Когда готовилось отдельное издание самой знаменитой новеллы Кафки «Превращение», автор писал издателю по поводу предполагавшихся иллюстраций к книге: «Мне пришло в голову, что художник захочет нарисовать само насекомое. Этого делать не надо, прошу Вас, не надо! Само насекомое изображать нельзя. Его нельзя нарисовать даже на дальнем плане… я бы выбрал такие сцены: родители и банковский управляющий перед закрытой дверью, а еще лучше — сестра в освещенной комнате перед раскрытой дверью, ведущей в совершенно темное соседнее помещение». Это замечание Кафки важно не только для его понимания роли иллюстраций в литературном тексте. Оно может послужить объяснением и некоторых аспектов поэтологического «расчета» и «искусности» австрийского писателя.

Почему же нельзя, по Кафке, изобразить насекомое? Писатель следует здесь одному старинному приему, восходящему к гомеровскому эпосу: в «Илиаде» поэт не изображает волшебные прелести Елены напрямую, а использует своего рода тайхоскопию, «рассказ со стены», описывая реакцию троянских старцев на красоту этой женщины, послужившей причиной губительной войны.

Возможно также понимать слова Кафки как реакцию на драматургические открытия, сделанные Морисом Метерлинком в его «театре ожидания», «театре смерти»: страх, боязнь (припомним здесь замечание Вальтера Беньямина о Кафке: «Кафка — это тот парень из сказки, который отправился в мир, чтобы научиться бояться») — эти чувства «нельзя нарисовать», и даже самые несдержанные, но слишком наглядные изображения ужасных сцен вызывают не страх, а отвращение или смех. Страх — это всегда нечто иное, и требуются иные средства изображения, чтобы, как писал Лессинг в «Лаокооне», показать определенное чувство «в его воздействии на нас».

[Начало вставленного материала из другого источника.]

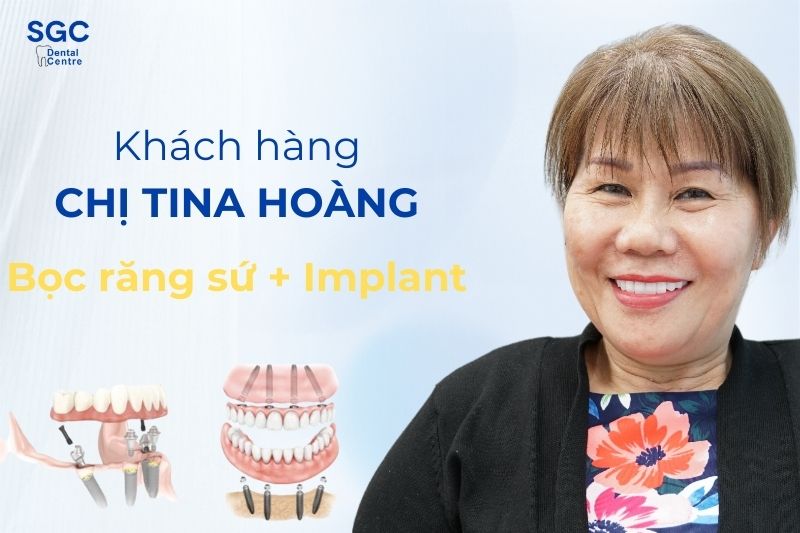 Khách hàng Tina Hoàng sử dụng dịch vụ bọc răng sứ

И ревизор в комедии Гоголя не появляется в некоем телесном образе прямо на сцене: Хлестаков является его травестированным заместителем, тем, кто не обладает реальной властью, но воспринимается как таковой — вопреки очевидным доказательствам его незначительности, смешной нелепости и ничтожности. Ничтожность (повседневное, незначительное) кажется даже более пригодной для указания на чудовищное, страшное, ведь и кафковский страж у врат закона в его «тяжелой шубе», с «острым горбатым носом», «с длинной жидкой черной монгольской бородой», с «блохами в меховом воротнике» предстает для читателя скорее как персонаж смешной и ничтожный, чем угрожающе-страшный. При этом его указательная, намекающая функция проявляется как много более ужасная, пробуждающая больший страх, чем он сам.

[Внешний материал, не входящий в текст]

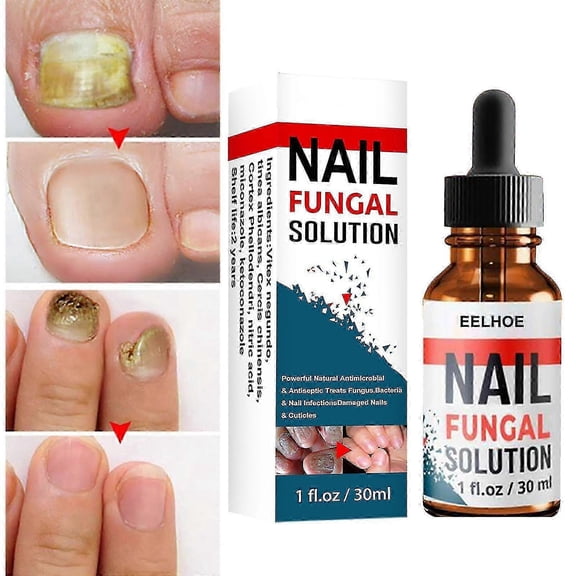 3PCS Nail Repair Solution Hand & Foot Grey Nail Care Repair Grey Nail Solution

Очевидно, что любой художественный образ есть не только отображение мира, что он всегда представляет собой и (более простую или более сложную) структуру отражающего и порождающего сознания. Об изобразительных возможностях Кафки писали уже не раз. Д. В. Затонский в своей книге о Кафке (1972) очень точно замечает: Кафка «видит, а не изображает».

Что «видит» Кафка? На что указывают образы в его книгах? Где располагается «иное»? В дневнике Кафки на самой первой странице, датированной 1910 г., автор фиксирует образ, точнее, возможность образа, рассматривание образа, программное для его взгляда: «Зрители цепенеют, когда мимо проезжает поезд». Что здесь изображено? Зрители? Или здесь лишь делается намек на возможность такого изображения? Скорее перед нами возникает фиксация определенного момента созерцания, описание взгляда. Самих зрителей мы не видим. Однако мы можем почувствовать их оцепенение, благодаря тому, что наблюдающий за ними видит их оцепенение и пытается передать его нам. А где же находится сам наблюдающий? Он тоже цепенеет, как и другие зрители, когда мимо проезжает поезд? Или он тот единственный, кто, с одной стороны, должен оцепенеть, но, с другой, из состояния своего оцепенения умеет воспринимать и отражать оцепенение других? Выбор особого угла зрения, как известно, создание уникальной перспективы рассмотрения относится к сути «кафкианского». В дневнике Кафка записывает однажды: «Я строю планы. Я пристально смотрю перед собой, чтобы не отвести взгляда от воображаемого глазка воображаемого калейдоскопа, в который гляжу».